When Joseph Smith received the revelation directing that a temple should be built in Nauvoo, it included instructions that the ordinance of baptisms for the dead “belongeth to my house” and commanded the Saints to build a font in the temple for this purpose (see Doctrine and Covenants 124:29–36). Additional revelations, received in 1842, further explained how the ordinance should be performed and recorded (See Doctrine and Covenants 127 and Doctrine and Covenants 128).
The Endowment
Throughout the earliest years of the Church, the Saints diligently sought for the fulfilment of the promise of an endowment of power from on high. Even as conflict with their neighbors escalated into tragic violence, the Saints clung to the hope that salvation could be extended to all through the ordinances of the temple. Sites for temples were dedicated in Independence, Adam-ondi-Ahman, and Far West, Missouri, with the hopes that the promised additional ordinances and the means for offering salvation to all would be revealed.

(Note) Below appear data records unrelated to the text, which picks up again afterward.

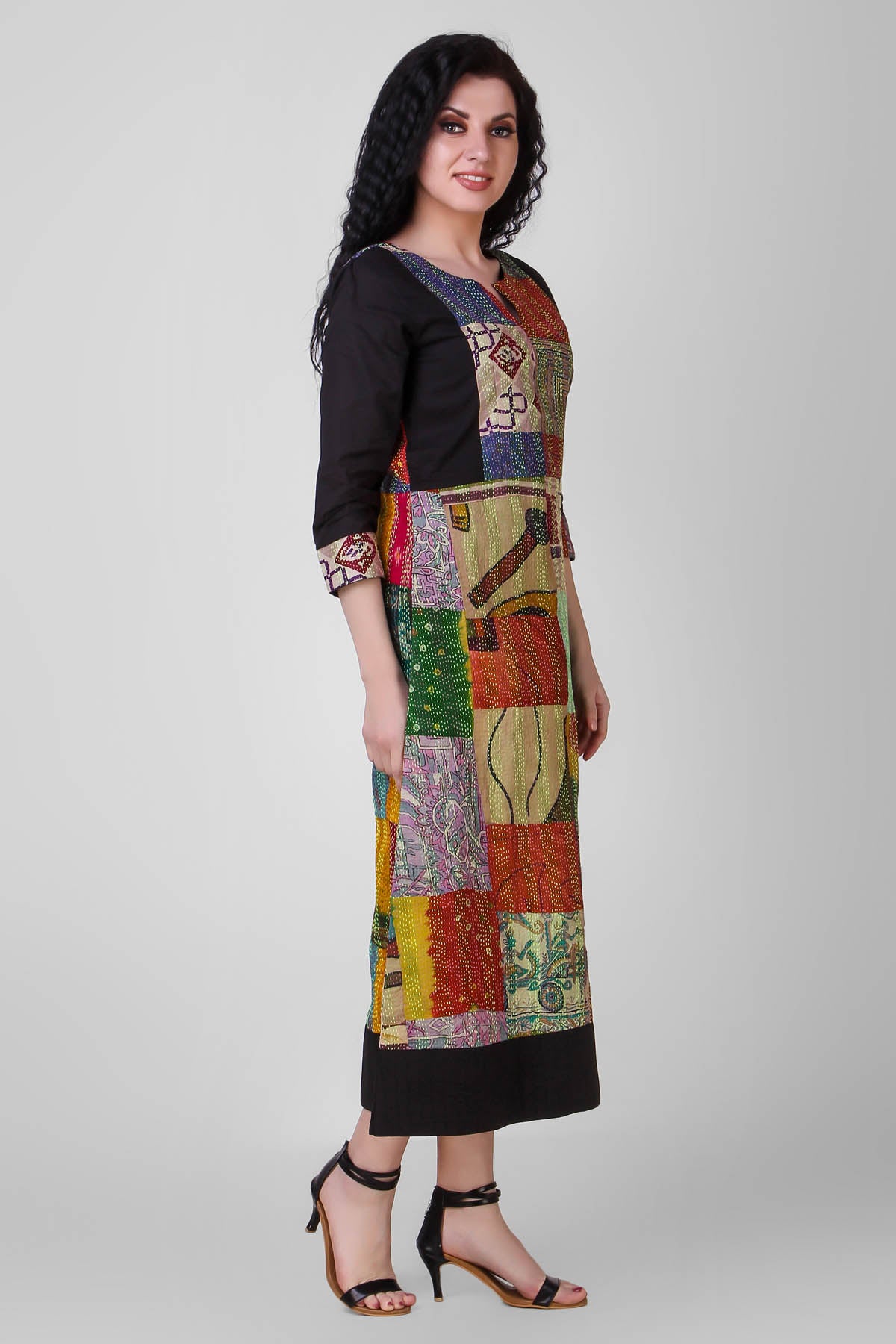 Black Cotton Silk Kantha Dress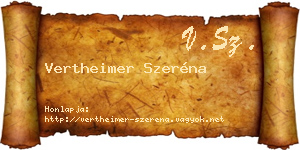 Vertheimer Szeréna névjegykártya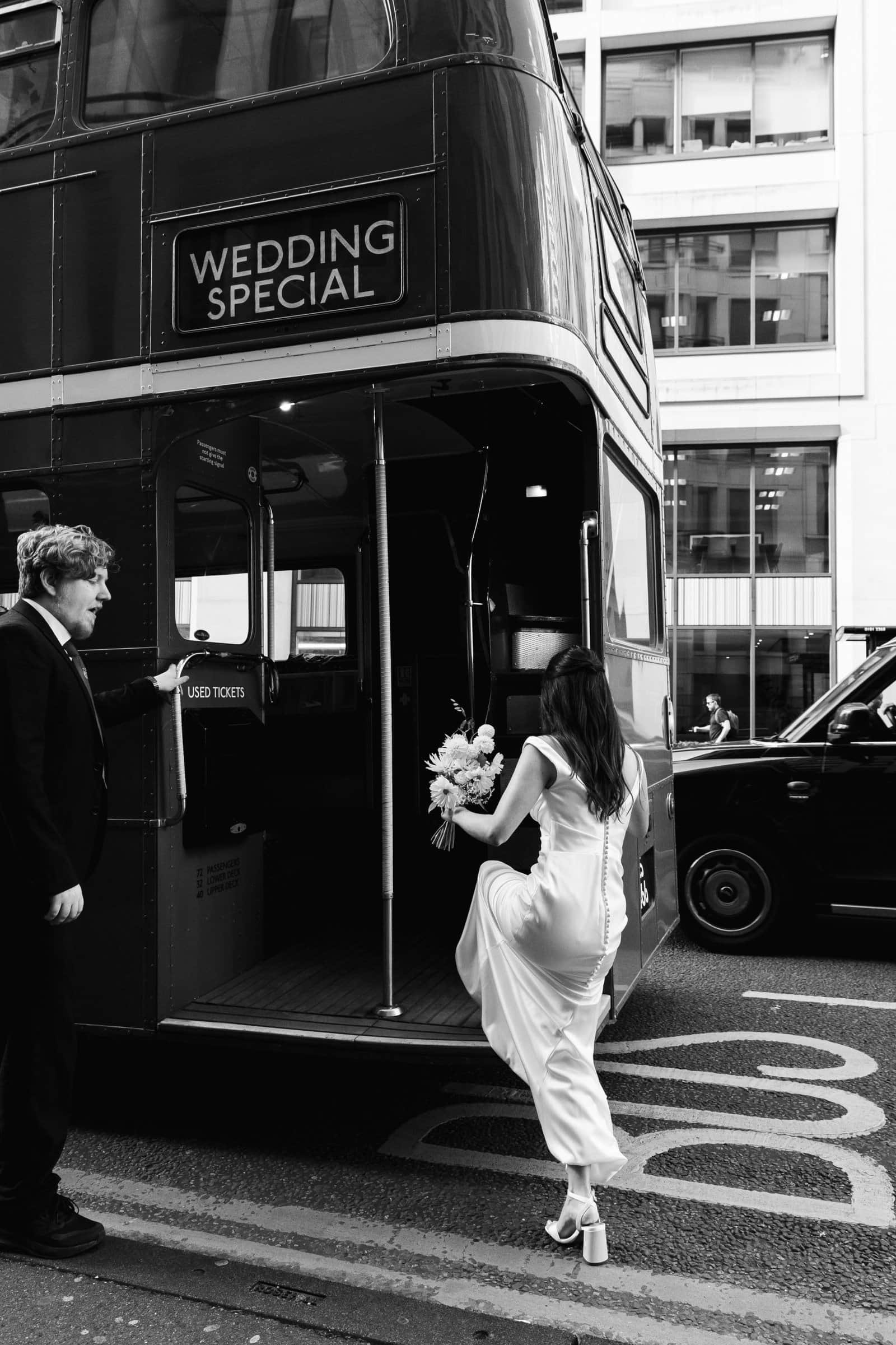 Vintage big red bus hire for London weddings UK - East London Wedding photographer Lauren Squire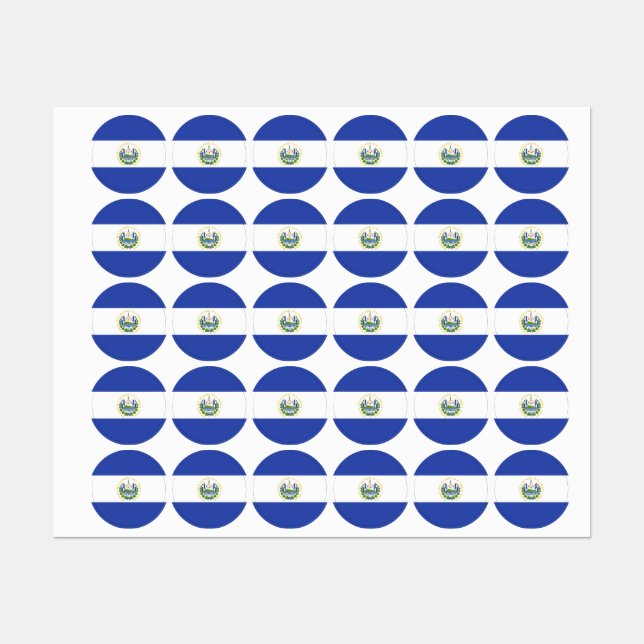 El Salvador flag Labels (Sheet)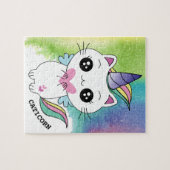 Cute Personalized Magical Caticorn Legpuzzel (Horizontaal)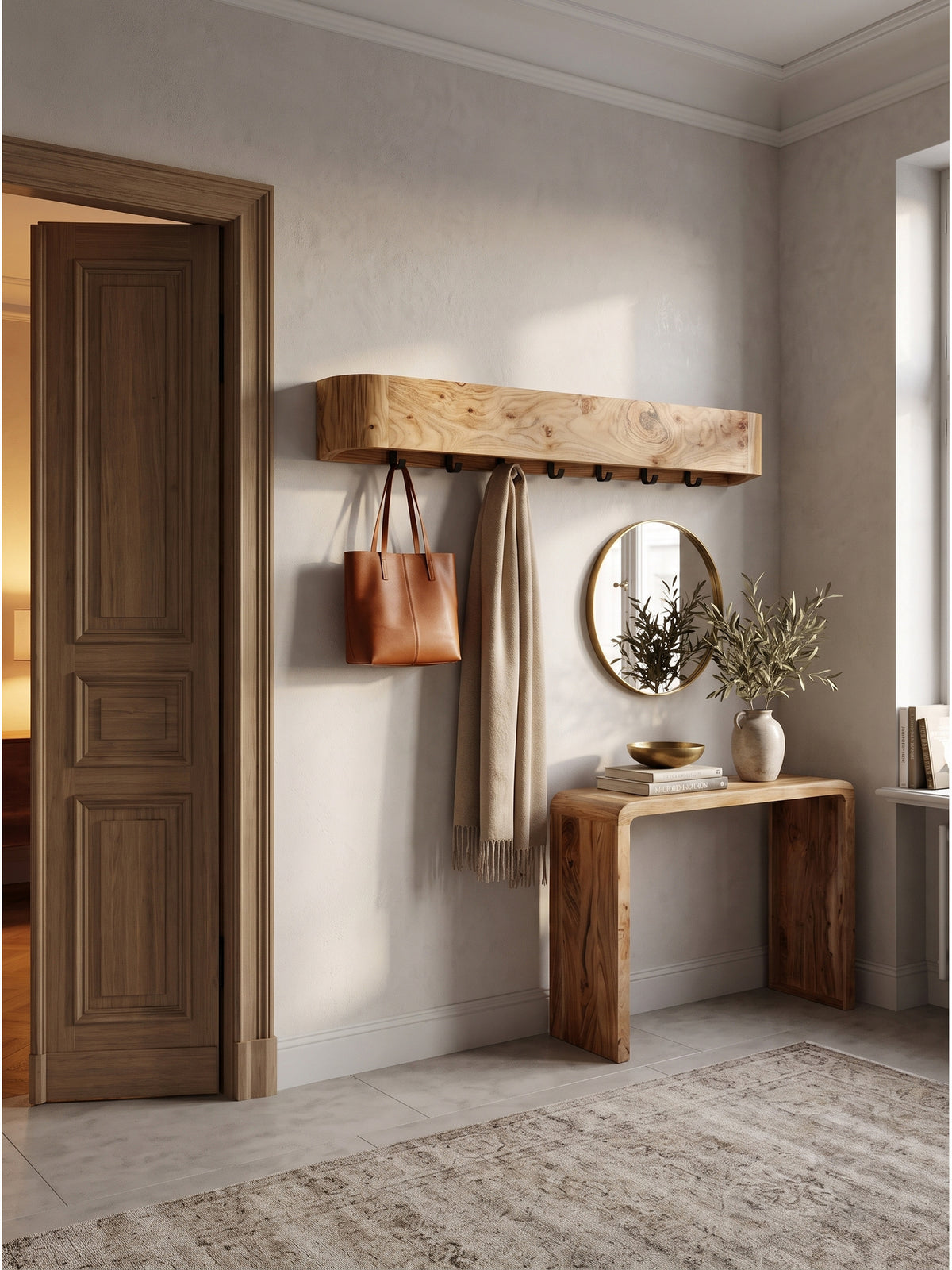 Massivholz Wandgarderobe Akazie kombiniert mit einer Holzbank und Messing-Wandleuchten im minimalistischen Eingangsbereich_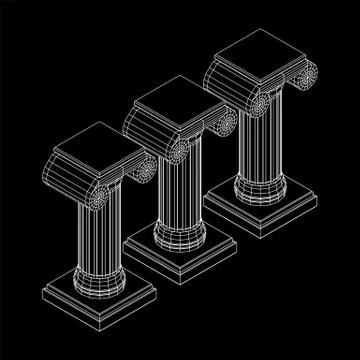 Greek ionic column. Ancient pillars. Stock Illustration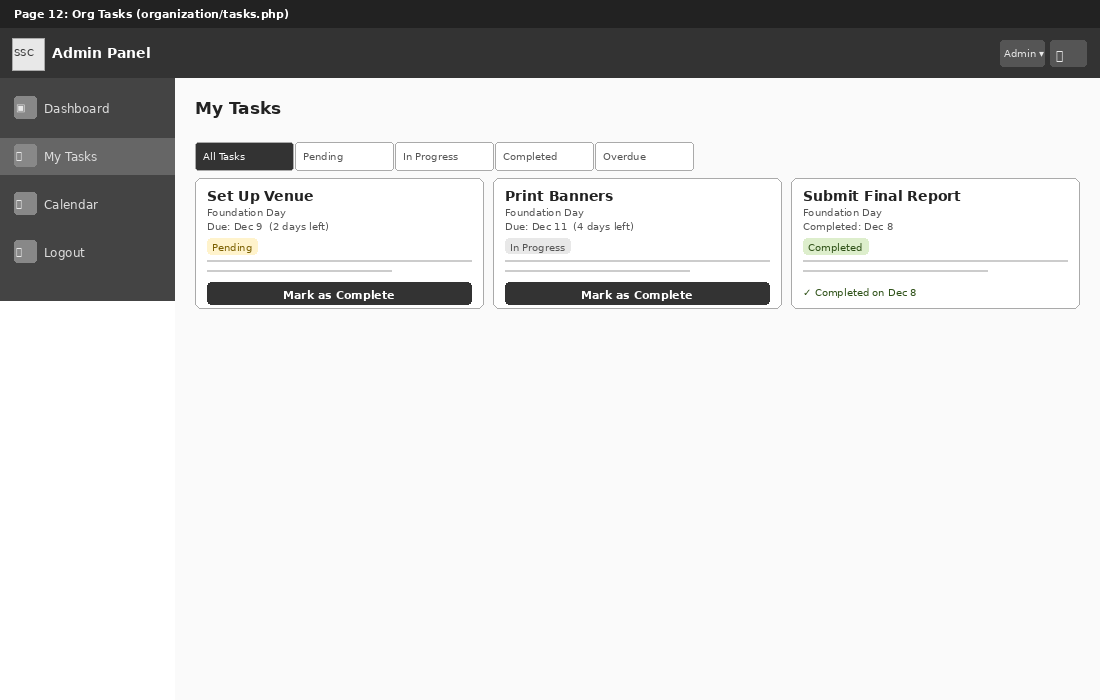 Organization Tasks Wireframe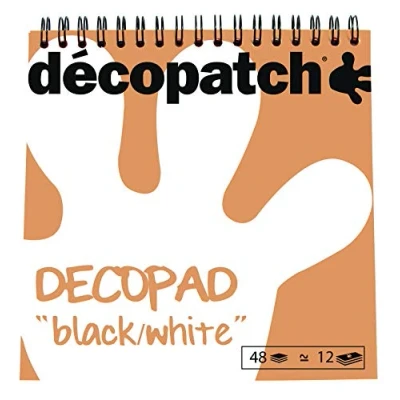 Image of Décopatch Ref BLOC07C Decopad Black &amp; White Papers 15cm x 15cm, 48 Sheets, 12 Patterns, Smaller Scale Suitable for Mach, Wood, Metal, Plastic More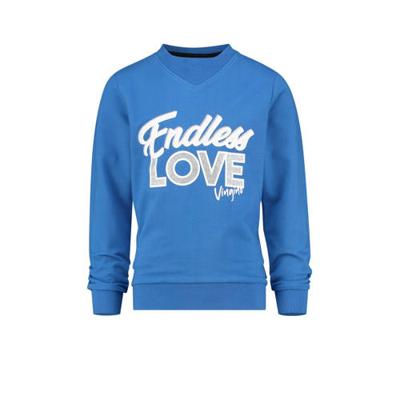 Vingino sweater Nieneke met tekst blauw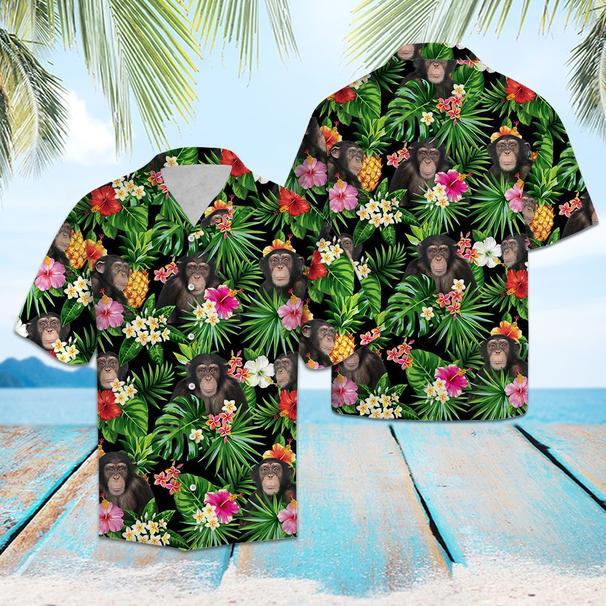Chimpanzee Pineapple Tropical Hawaiian Shirt | For Men & Women | HW5402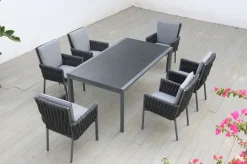 Hot Garten-Essgruppe, anthrazit, Alu, Ausziehtisch 180/270x100 cm, 6 Diningsessel Aluminium-Gartenmöbel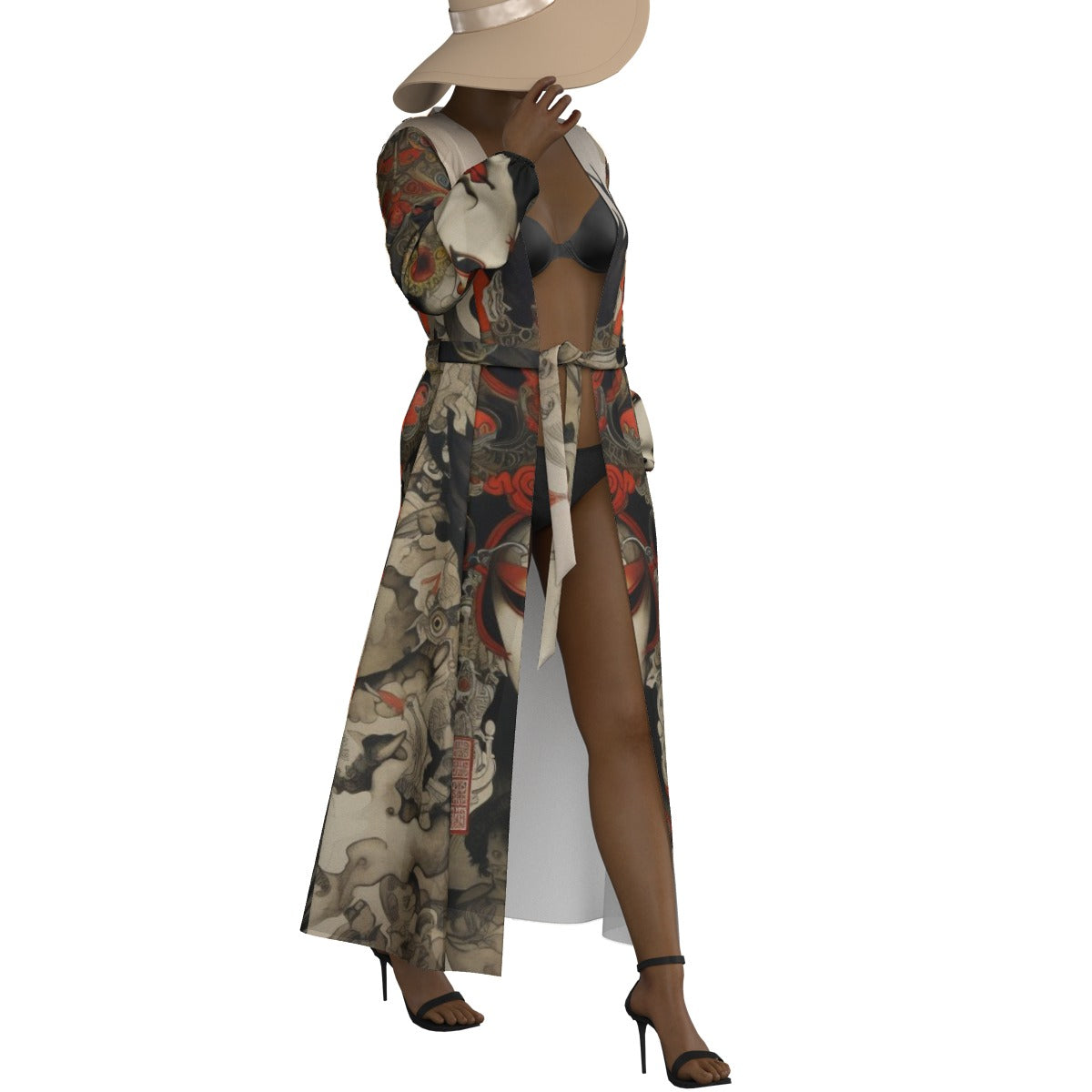 All-Over Print Women's Lace-up Chiffon Robe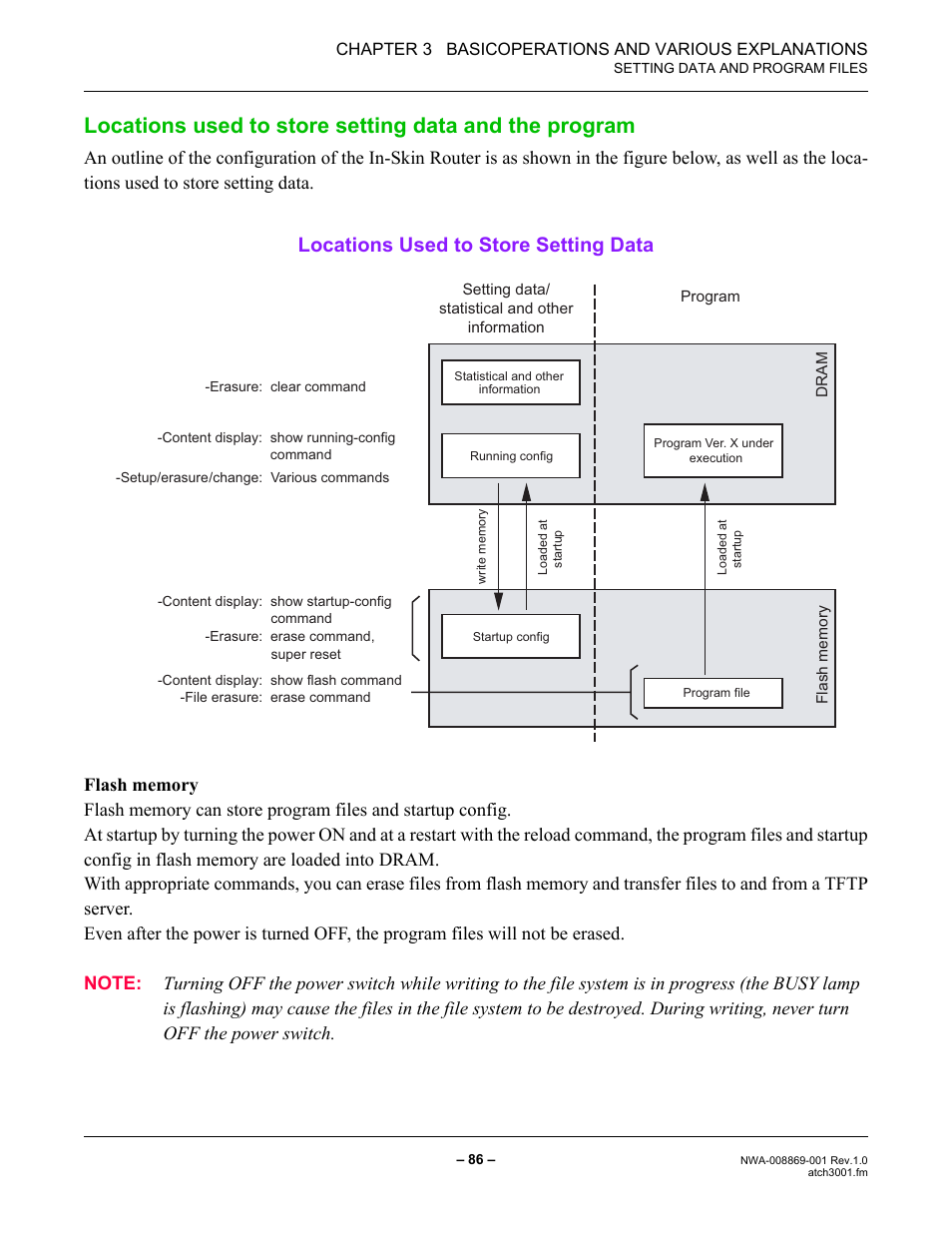 Locations used to store setting data | NEC NEAX IPS NWA-008869-001 User Manual | Page 96 / 180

Upper story of the reconstruction Red Brick Store.
The washings and anointings that had been revealed to the Saints in Kirtland were the beginning of the endowment of power; however, Joseph Smith and the Saints knew that it was incomplete. After arriving in Nauvoo, they hoped to build another temple to participate in these ordinances and to receive the portion that was still unrevealed. In January 1842, shortly after Joseph Smith opened his general store, he instructed the members of the Quorum of the Twelve to prepare themselves to receive the endowment.4
On May 4, 1842, Joseph Smith led a select group of Church leaders to the upper room of his store. There, in a special meeting, he presented the completed temple endowment, which had recently been revealed to him. The ceremony began with washings and anointings like those performed in Kirtland and continued with a new ordinance which, drawing on scripture, taught about the order of heaven and called on participants to enter into sacred covenants to live righteously and serve in the kingdom of God.5
This ordinance was eventually expanded to include all members of the Church—male and female—who were willing to enter sacred covenants. A version of this ordinance is performed today in temples all over the world on behalf of both the living and the dead.
On April 3, 1836, Joseph Smith and Oliver Cowdery retired to the pulpits of the Kirtland Temple where they bowed themselves in “solemn and silent prayer.” After arising from their prayer, a vision opened of the Savior Jesus Christ who accepted the temple as His house. Christ was then followed by three other angelic visitors, each of whom gave priesthood keys to Joseph and Oliver. The third of these visitors, the Old Testament prophet Elijah, bestowed a key which Joseph Smith later taught had the power to place “the seals of the Melchizedek priesthood upon the house of Israel.”6
Beginning in 1843, Joseph Smith taught that, using this key, marriage relationship could be made eternal. Once “sealed,” the families of men and women who had been married in this way would have the promise that they could be together forever. The earliest sealing ceremonies, like the endowment, were performed in the upper story of Joseph Smith’s store. Today, however, these marriages are performed only in temples on behalf of the living and the dead.